REQUIREMENT: Every line of the material is to be given again exactly.

EXTRACTED INFORMATION:
▽

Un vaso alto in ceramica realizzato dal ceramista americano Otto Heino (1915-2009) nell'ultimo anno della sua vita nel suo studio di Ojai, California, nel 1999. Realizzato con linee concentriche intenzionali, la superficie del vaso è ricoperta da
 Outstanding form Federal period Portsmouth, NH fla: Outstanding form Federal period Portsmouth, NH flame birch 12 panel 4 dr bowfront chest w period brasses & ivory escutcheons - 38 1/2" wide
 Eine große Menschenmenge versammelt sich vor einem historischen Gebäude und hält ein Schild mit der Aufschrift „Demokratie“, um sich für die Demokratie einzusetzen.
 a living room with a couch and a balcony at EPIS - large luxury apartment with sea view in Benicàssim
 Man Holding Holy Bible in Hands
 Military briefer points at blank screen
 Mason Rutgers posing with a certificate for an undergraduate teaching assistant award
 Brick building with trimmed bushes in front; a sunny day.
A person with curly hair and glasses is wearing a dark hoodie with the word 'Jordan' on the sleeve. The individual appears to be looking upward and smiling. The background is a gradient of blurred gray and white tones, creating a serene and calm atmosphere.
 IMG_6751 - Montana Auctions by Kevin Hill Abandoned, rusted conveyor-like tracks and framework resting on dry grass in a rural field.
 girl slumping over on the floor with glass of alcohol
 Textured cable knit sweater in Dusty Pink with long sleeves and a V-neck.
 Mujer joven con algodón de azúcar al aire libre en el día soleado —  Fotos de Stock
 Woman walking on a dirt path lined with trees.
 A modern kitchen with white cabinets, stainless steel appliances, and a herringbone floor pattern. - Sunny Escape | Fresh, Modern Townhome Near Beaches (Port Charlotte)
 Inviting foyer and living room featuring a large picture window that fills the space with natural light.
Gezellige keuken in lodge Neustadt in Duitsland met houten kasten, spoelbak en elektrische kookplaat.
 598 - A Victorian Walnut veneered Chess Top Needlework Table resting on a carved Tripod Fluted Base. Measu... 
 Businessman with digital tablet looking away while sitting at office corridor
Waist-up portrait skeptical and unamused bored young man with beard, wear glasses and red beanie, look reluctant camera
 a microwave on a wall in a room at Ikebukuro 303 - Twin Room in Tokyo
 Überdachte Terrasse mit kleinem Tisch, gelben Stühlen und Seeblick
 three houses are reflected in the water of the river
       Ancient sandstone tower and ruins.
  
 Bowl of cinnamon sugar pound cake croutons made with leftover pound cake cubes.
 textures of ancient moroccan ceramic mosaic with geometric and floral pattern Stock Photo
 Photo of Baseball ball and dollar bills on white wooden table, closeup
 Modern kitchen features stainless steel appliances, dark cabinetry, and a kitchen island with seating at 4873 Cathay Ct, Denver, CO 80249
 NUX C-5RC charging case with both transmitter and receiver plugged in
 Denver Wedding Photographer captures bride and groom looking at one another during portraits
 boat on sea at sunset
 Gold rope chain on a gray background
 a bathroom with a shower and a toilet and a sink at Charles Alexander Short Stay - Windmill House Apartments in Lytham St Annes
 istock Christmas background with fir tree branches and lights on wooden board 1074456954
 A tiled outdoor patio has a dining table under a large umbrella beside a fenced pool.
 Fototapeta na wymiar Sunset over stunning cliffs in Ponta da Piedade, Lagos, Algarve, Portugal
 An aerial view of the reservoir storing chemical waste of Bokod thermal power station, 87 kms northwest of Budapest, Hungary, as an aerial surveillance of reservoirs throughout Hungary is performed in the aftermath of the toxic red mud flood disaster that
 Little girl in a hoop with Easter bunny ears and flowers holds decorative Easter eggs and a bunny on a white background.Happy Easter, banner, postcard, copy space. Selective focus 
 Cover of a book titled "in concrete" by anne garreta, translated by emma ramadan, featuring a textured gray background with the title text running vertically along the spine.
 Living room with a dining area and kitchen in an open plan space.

△

WRITTEN SOLUTION:
Un vaso alto in ceramica realizzato dal ceramista americano Otto Heino (1915-2009) nell'ultimo anno della sua vita nel suo studio di Ojai, California, nel 1999. Realizzato con linee concentriche intenzionali, la superficie del vaso è ricoperta da
 Outstanding form Federal period Portsmouth, NH fla: Outstanding form Federal period Portsmouth, NH flame birch 12 panel 4 dr bowfront chest w period brasses & ivory escutcheons - 38 1/2" wide
 Eine große Menschenmenge versammelt sich vor einem historischen Gebäude und hält ein Schild mit der Aufschrift „Demokratie“, um sich für die Demokratie einzusetzen.
 a living room with a couch and a balcony at EPIS - large luxury apartment with sea view in Benicàssim
 Man Holding Holy Bible in Hands
 Military briefer points at blank screen
 Mason Rutgers posing with a certificate for an undergraduate teaching assistant award
 Brick building with trimmed bushes in front; a sunny day.
A person with curly hair and glasses is wearing a dark hoodie with the word 'Jordan' on the sleeve. The individual appears to be looking upward and smiling. The background is a gradient of blurred gray and white tones, creating a serene and calm atmosphere.
 IMG_6751 - Montana Auctions by Kevin Hill Abandoned, rusted conveyor-like tracks and framework resting on dry grass in a rural field.
 girl slumping over on the floor with glass of alcohol
 Textured cable knit sweater in Dusty Pink with long sleeves and a V-neck.
 Mujer joven con algodón de azúcar al aire libre en el día soleado —  Fotos de Stock
 Woman walking on a dirt path lined with trees.
 A modern kitchen with white cabinets, stainless steel appliances, and a herringbone floor pattern. - Sunny Escape | Fresh, Modern Townhome Near Beaches (Port Charlotte)
 Inviting foyer and living room featuring a large picture window that fills the space with natural light.
Gezellige keuken in lodge Neustadt in Duitsland met houten kasten, spoelbak en elektrische kookplaat.
 598 - A Victorian Walnut veneered Chess Top Needlework Table resting on a carved Tripod Fluted Base. Measu... 
 Businessman with digital tablet looking away while sitting at office corridor
Waist-up portrait skeptical and unamused bored young man with beard, wear glasses and red beanie, look reluctant camera
 a microwave on a wall in a room at Ikebukuro 303 - Twin Room in Tokyo
 Überdachte Terrasse mit kleinem Tisch, gelben Stühlen und Seeblick
 three houses are reflected in the water of the river
       Ancient sandstone tower and ruins.
  
 Bowl of cinnamon sugar pound cake croutons made with leftover pound cake cubes.
 textures of ancient moroccan ceramic mosaic with geometric and floral pattern Stock Photo
 Photo of Baseball ball and dollar bills on white wooden table, closeup
 Modern kitchen features stainless steel appliances, dark cabinetry, and a kitchen island with seating at 4873 Cathay Ct, Denver, CO 80249
 NUX C-5RC charging case with both transmitter and receiver plugged in
 Denver Wedding Photographer captures bride and groom looking at one another during portraits
 boat on sea at sunset
 Gold rope chain on a gray background
 a bathroom with a shower and a toilet and a sink at Charles Alexander Short Stay - Windmill House Apartments in Lytham St Annes
 istock Christmas background with fir tree branches and lights on wooden board 1074456954
 A tiled outdoor patio has a dining table under a large umbrella beside a fenced pool.
 Fototapeta na wymiar Sunset over stunning cliffs in Ponta da Piedade, Lagos, Algarve, Portugal
 An aerial view of the reservoir storing chemical waste of Bokod thermal power station, 87 kms northwest of Budapest, Hungary, as an aerial surveillance of reservoirs throughout Hungary is performed in the aftermath of the toxic red mud flood disaster that
 Little girl in a hoop with Easter bunny ears and flowers holds decorative Easter eggs and a bunny on a white background.Happy Easter, banner, postcard, copy space. Selective focus 
 Cover of a book titled "in concrete" by anne garreta, translated by emma ramadan, featuring a textured gray background with the title text running vertically along the spine.
 Living room with a dining area and kitchen in an open plan space.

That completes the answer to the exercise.